* **Exercise prompt**
Set down only the lines from the one containing "La Sportiva pánska" through the final line of the entries below, exactly as they stand, with no pictures.
Supplied data: Begin
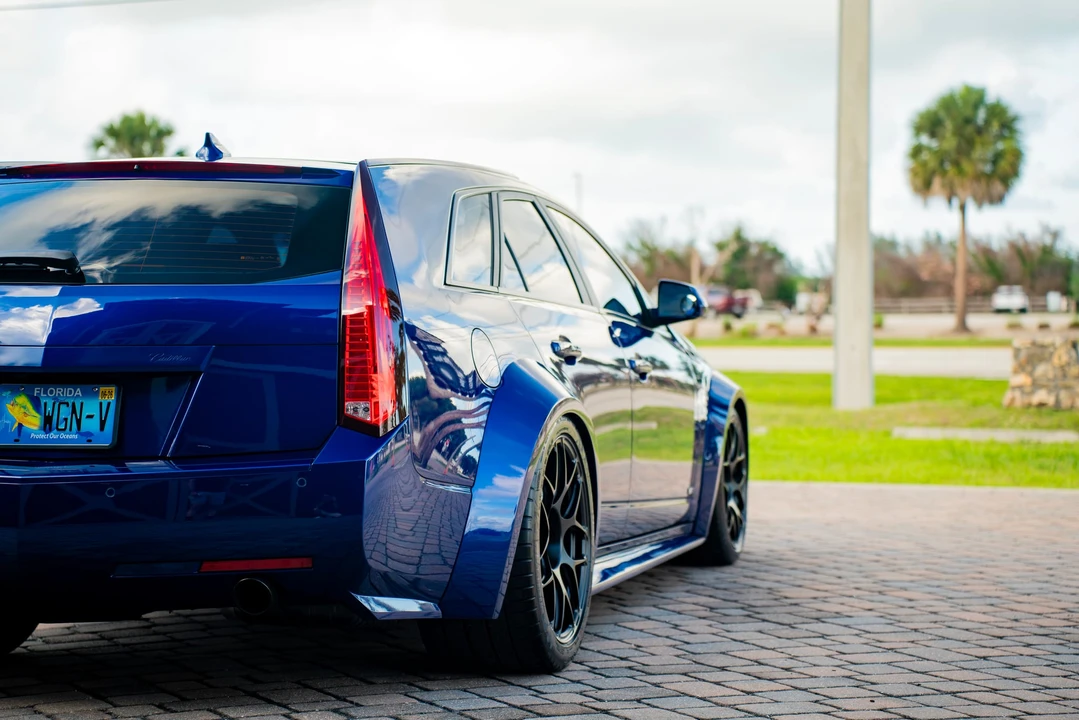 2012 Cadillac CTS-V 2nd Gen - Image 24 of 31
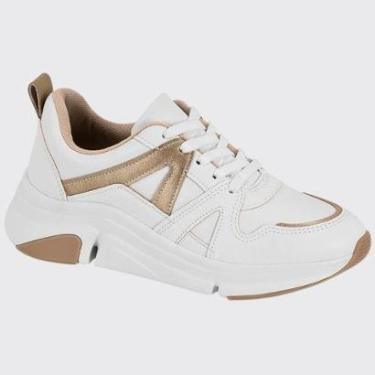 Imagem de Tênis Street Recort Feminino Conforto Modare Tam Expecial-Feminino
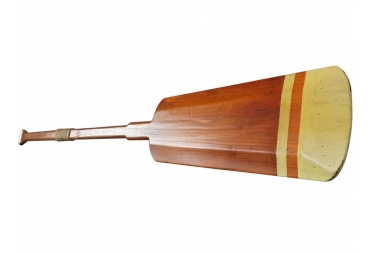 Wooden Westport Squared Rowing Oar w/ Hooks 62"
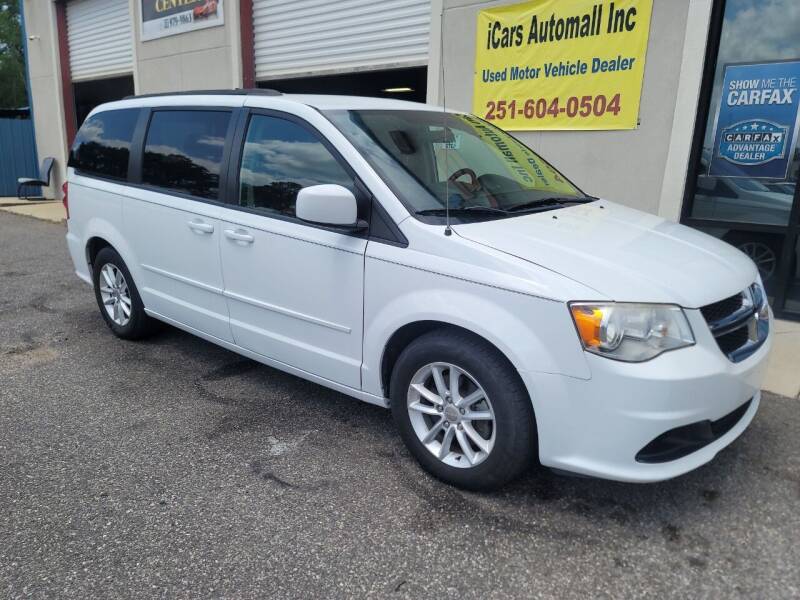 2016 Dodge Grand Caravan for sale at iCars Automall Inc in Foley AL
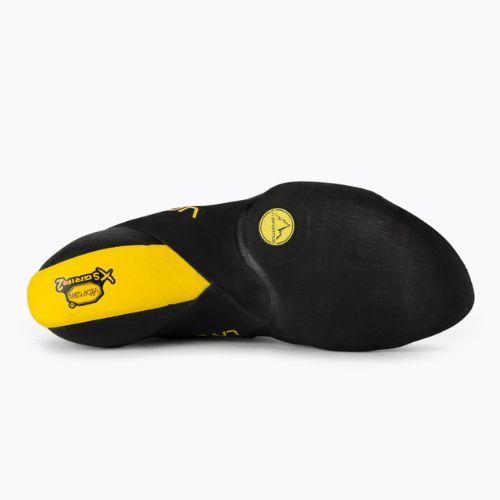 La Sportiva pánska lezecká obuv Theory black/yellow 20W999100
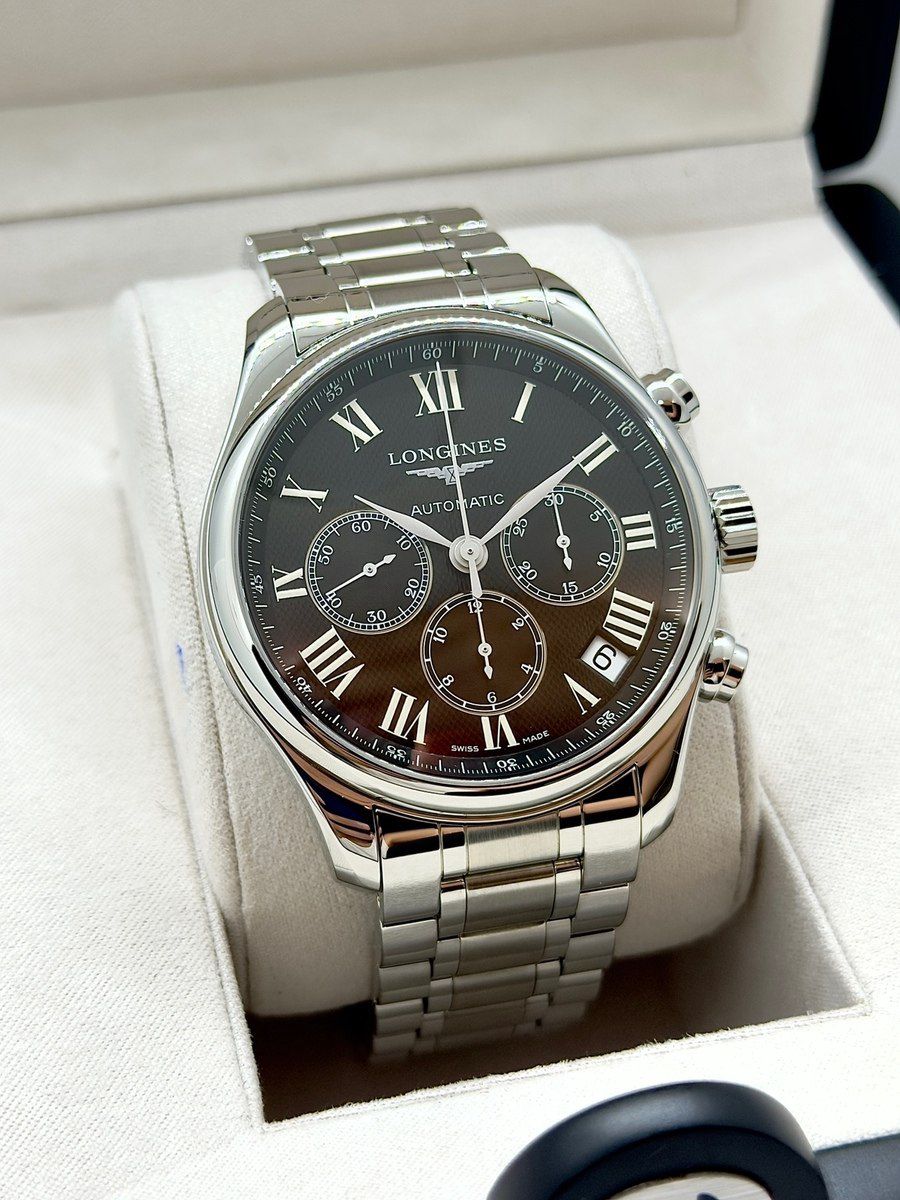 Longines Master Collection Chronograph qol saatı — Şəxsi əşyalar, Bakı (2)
Supplied data: End
* **Exercise response**
 La Sportiva pánska lezecká obuv Theory black/yellow 20W999100
 Longines Master Collection Chronograph qol saatı — Şəxsi əşyalar, Bakı (2)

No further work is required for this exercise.